Il s’agit des sports qui s’inscrivent dans l’économie de marché et développés en raison de leur capacité à générer des bénéfices économiques ou un retour sur investissement (ROI) pour les acteurs qui s’y engagent. On est ici en présence d’une offre et d’une demande dont les rapports sont médiés par le prix dans le cadre d’un marché spécifique. On peut citer des sports allant de la pratique du fitness dans les clubs privés à celle du ski en station de sports d’hiver. La condition d’exclusivité (possibilité d’imposer un prix) est donc réalisable. En effet, skier dans une station en empruntant les remonte-pentes implique de payer un prix d’accès (titre de transport, forfait de ski). Au contraire, la pratique du ski hors des pistes balisées est libre de tout droit de propriété et donc échappe à la condition d’exclusivité. Par ce biais, ces sports deviennent compatibles avec la logique marchande. Par ailleurs, leur caractère récréatif, ludique et de divertissement permet de générer une consommation suffisante pour dégager un ROI. Les pratiquants sont alors des clients qui ne contribuent que lorsqu’ils choisissent de consommer un bien ou un service sportif. Le modèle économique est celui du «  you pay only when you consume  » . Ce modèle est fondé sur le prix du marché que les clients acceptent de payer lorsqu’ils choisissent de pratiquer un loisir sportif dans le cadre du marché. La logique ici est exclusivement marchande.

Sports du tourisme : « tourism-based sports »
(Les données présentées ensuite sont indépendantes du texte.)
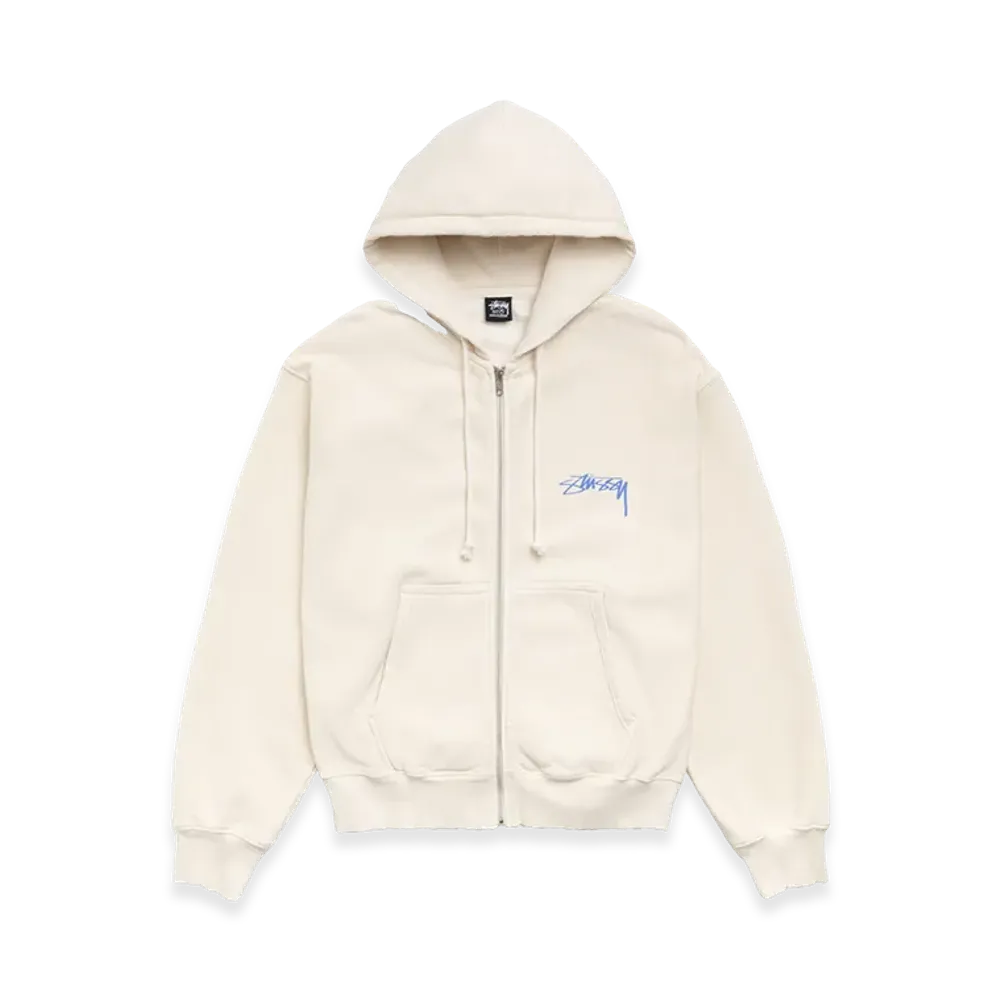Stussy Skate Stack Gar. Dyed Zip Hood "Bone"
Ce sont les sports intégrés au tourisme par le biais du supplément d’expérience qu’ils procurent aux visiteurs. Cela est possible grâce à l’existence de sites de pratique et de conditions spéciales qu’offrent les territoires touristiques (neige, cours d’eau, sentiers…). La pratique du sport devient plus attractive et ludique que dans le cadre habituel. En substance, les sports du tourisme (ski, escalade, randonnées…) sont liés à un territoire (notamment la montagne) qui comporte des caractéristiques spécifiques appropriées aux besoins de divertissement des visiteurs. En cela, les attributs du territoire sont essentiels pour leur déroulement et le caractère ludique de ces sports est fondamental à la mise en tourisme des territoires concernés. Par ailleurs, le sport spectacle et les jeux sportifs, à cause de leur dimension « événementielle et festive », peuvent induire dans certains cas une consommation touristique (nuitées, déplacement, entre autres). Pour cette raison, certains travaux les ont associés au tourisme en les qualifiant de tourisme sportif passif (Gibson, 1998).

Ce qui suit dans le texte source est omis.